◆ Required work: Look below for the line that has "Gold CZ Stud"; output exactly from it through the line that has "Set Fishing net", and leave the pictures out.

◆ Materials provided:
....

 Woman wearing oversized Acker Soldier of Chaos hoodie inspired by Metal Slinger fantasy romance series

....

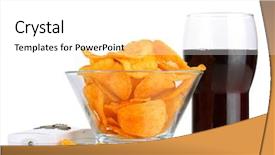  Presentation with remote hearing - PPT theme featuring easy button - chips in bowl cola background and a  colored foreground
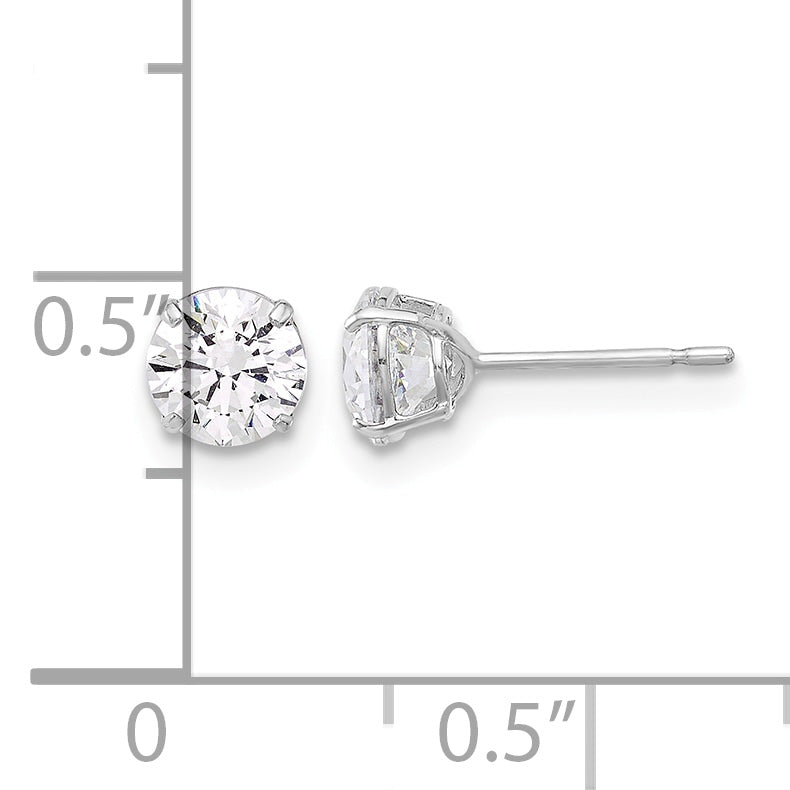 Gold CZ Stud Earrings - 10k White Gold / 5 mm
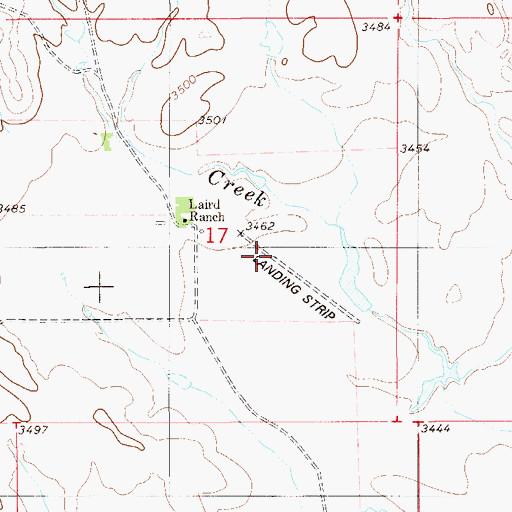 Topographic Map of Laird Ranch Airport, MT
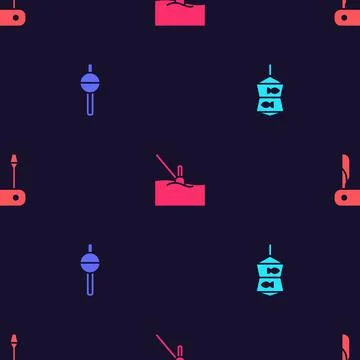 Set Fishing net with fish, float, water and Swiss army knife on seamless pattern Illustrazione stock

....

◆ Solution to the problem:
 Gold CZ Stud Earrings - 10k White Gold / 5 mm
 Topographic Map of Laird Ranch Airport, MT
 Set Fishing net with fish, float, water and Swiss army knife on seamless pattern Illustrazione stock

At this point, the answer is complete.